Here is the whole abstract:
—
Behavioral scientists routinely publish broad claims about human psychology and behavior in the world’s top journals based on samples drawn entirely from Western, Educated, Industrialized, Rich and Democratic (WEIRD) societies. Researchers—often implicitly—assume that either there is little variation across human populations, or that these “standard subjects” are as representative of the species as any other population. Are these assumptions justified? Here, our review of the comparative database from across the behavioral sciences suggests both that there is substantial variability in experimental results across populations and that WEIRD subjects are particularly unusual compared with the rest of the species—frequent outliers. The domains reviewed include visual perception, fairness, cooperation, spatial reasoning, categorization and inferential induction, moral reasoning, reasoning styles, self-concepts and related motivations, and the heritability of IQ. The findings suggest that members of WEIRD societies, including young children, are among the least representative populations one could find for generalizing about humans.

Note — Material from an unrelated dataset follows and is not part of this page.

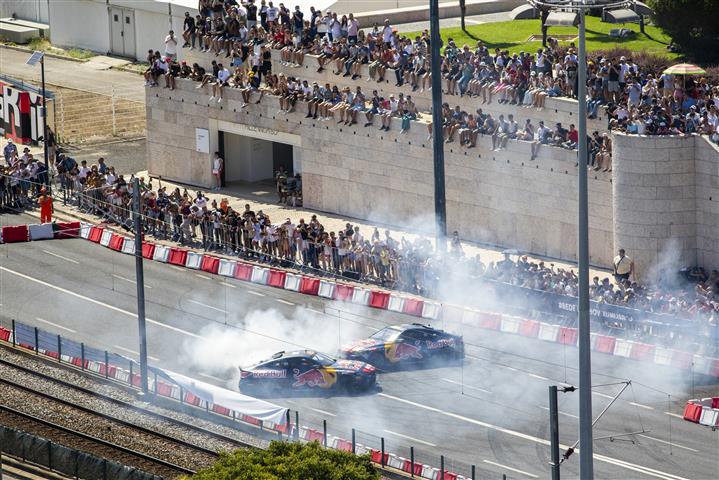 The Red Bull Drift Brothers perform during the Red Bull Showrun in Lisbon, Portugal on Juny 25, 2023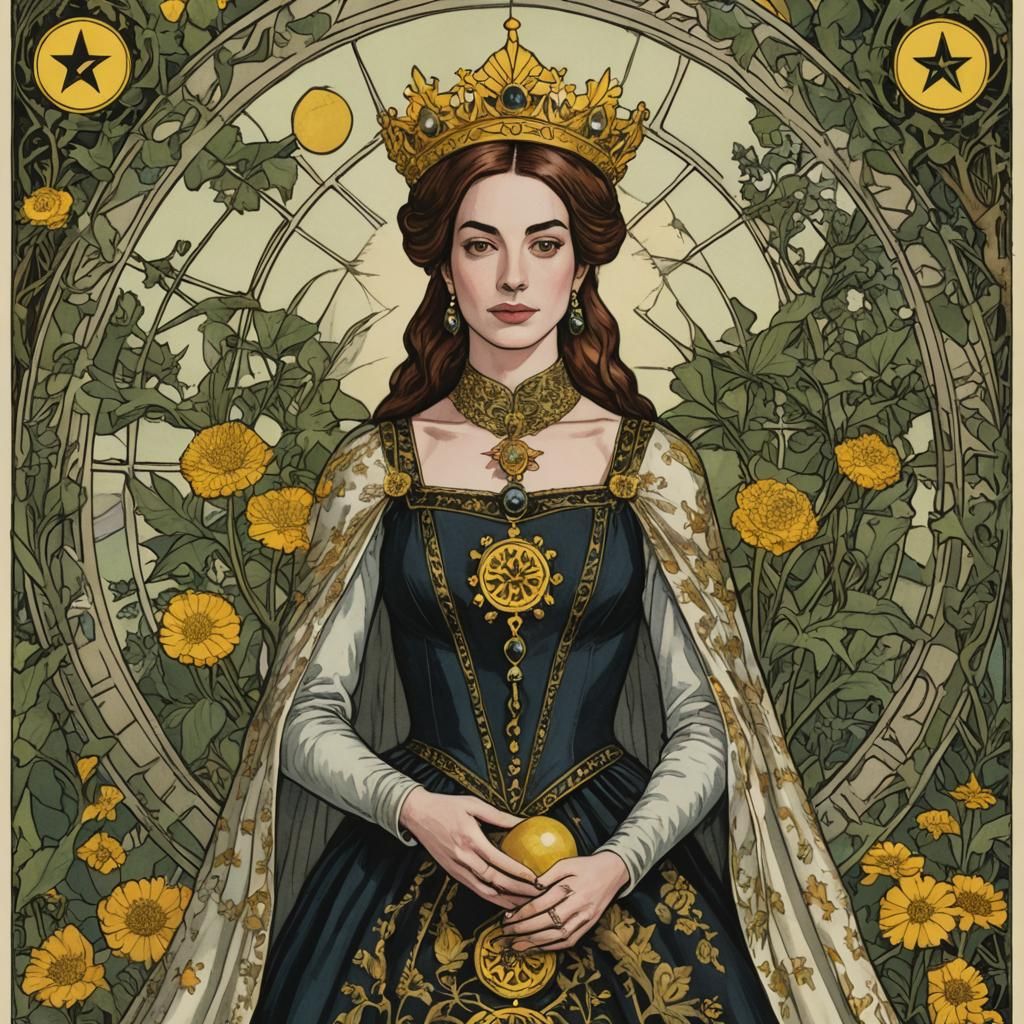 Anne Hathaway as Queen of Pentacles Tarot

Many of these findings involve domains that are associated with fundamental aspects of psychology, motivation, and behavior—hence, there are no obvious a priori grounds for claiming that a particular behavioral phenomenon is universal based on sampling from a single subpopulation. Overall, these empirical patterns suggests that we need to be less cavalier in addressing questions of human nature on the basis of data drawn from this particularly thin, and rather unusual, slice of humanity. We close by proposing ways to structurally re-organize the behavioral sciences to best tackle these challenges.
—

I would like to make three suggestions that could help to overcome the era of WEIRD subjects and generate more reliable and representative data. These suggestions will mainly touch contrasts 2, 3 and 4 elaborated by Henrich, Heine and Norezayan. While my suggestions tackle these contrasts from a technical and experimental perspective they do not provide a general solution for the first contrast on industrialized versus small scale societies. Here are my suggestions: 1) replications in multiple labs, 2) internet based experimentation and 3) drawing representative samples from a population.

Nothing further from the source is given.